Caption-style text data –
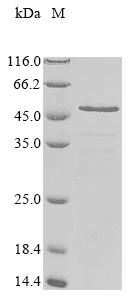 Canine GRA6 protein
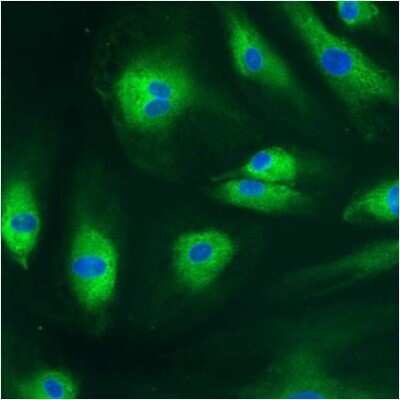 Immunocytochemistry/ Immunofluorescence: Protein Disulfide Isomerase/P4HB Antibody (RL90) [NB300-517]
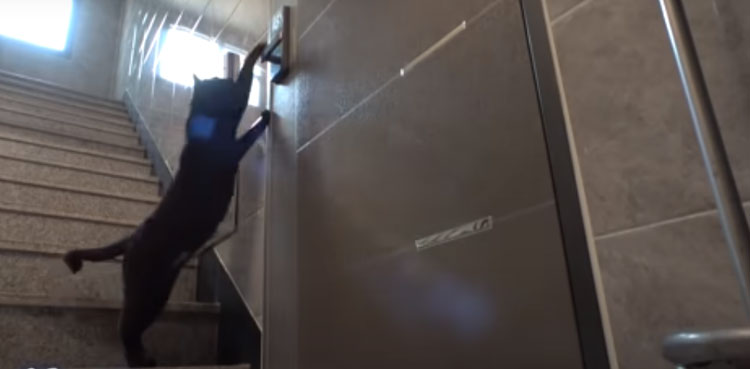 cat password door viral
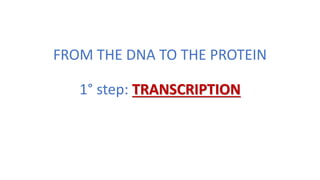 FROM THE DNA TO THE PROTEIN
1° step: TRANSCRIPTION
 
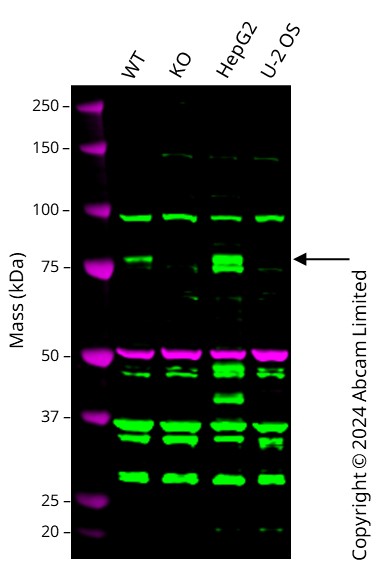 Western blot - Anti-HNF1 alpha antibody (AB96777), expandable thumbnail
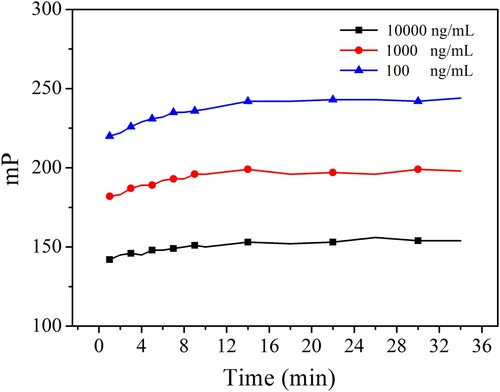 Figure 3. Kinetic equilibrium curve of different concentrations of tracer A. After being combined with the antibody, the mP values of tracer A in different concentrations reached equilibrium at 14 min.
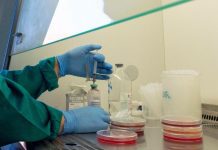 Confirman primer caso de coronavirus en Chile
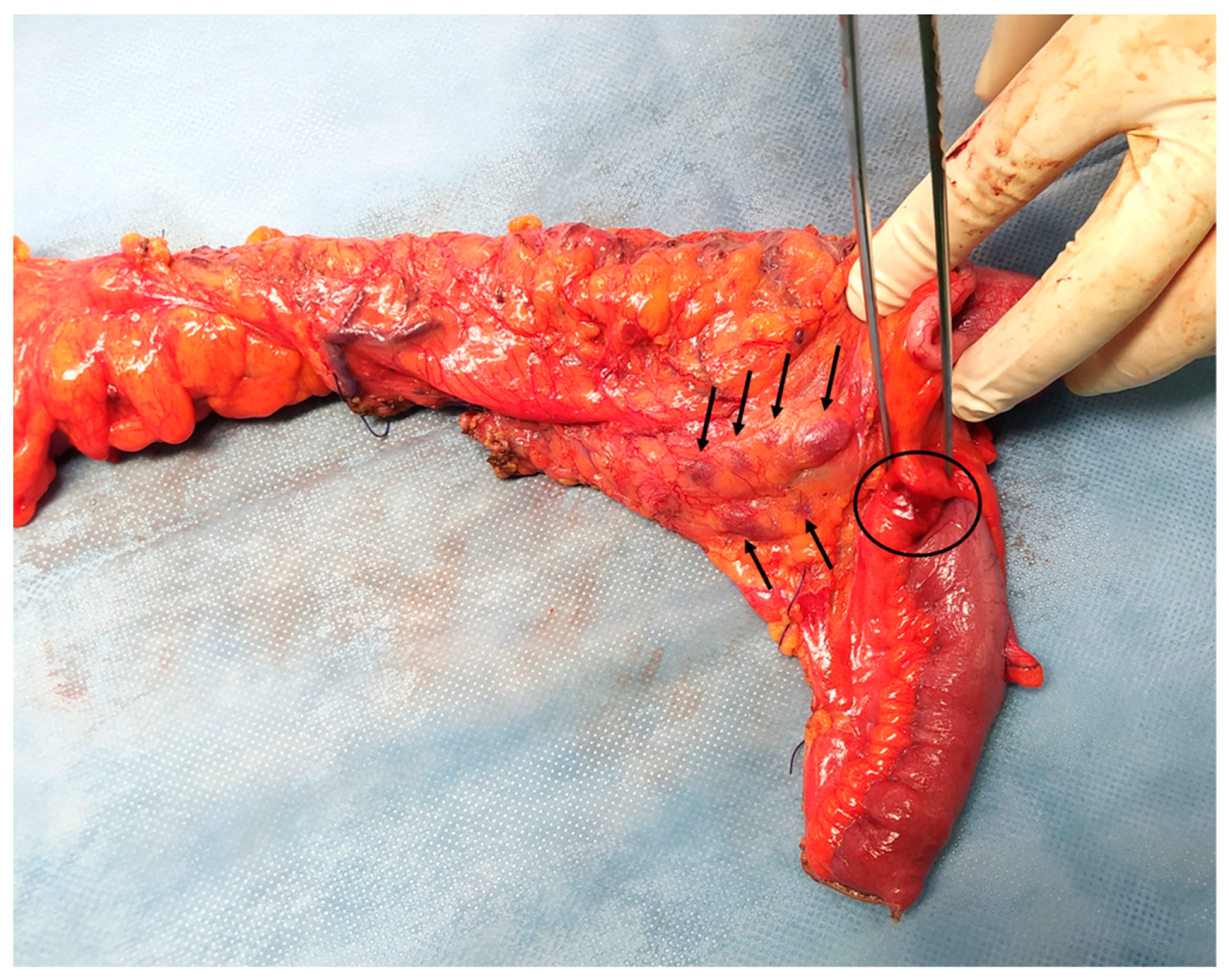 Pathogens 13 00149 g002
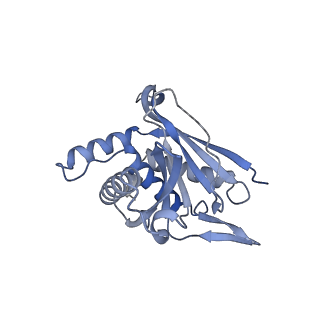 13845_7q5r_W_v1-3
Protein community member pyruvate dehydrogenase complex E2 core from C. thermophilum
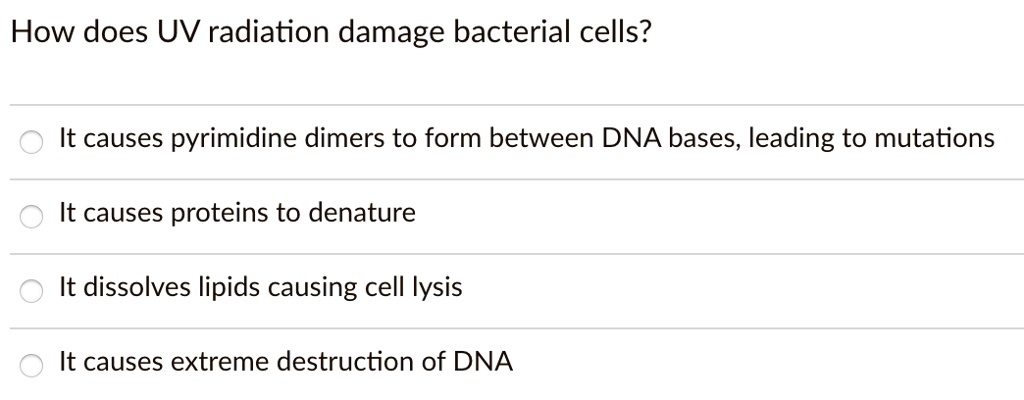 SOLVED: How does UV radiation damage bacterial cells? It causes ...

WORK REQUEST – Return nothing except the lines from the line with "Confirman primer caso" through the last line of the records above, copied exactly and without pictures.

RESPONSE –
 Confirman primer caso de coronavirus en Chile
 Pathogens 13 00149 g002
 13845_7q5r_W_v1-3
Protein community member pyruvate dehydrogenase complex E2 core from C. thermophilum
 SOLVED: How does UV radiation damage bacterial cells? It causes ...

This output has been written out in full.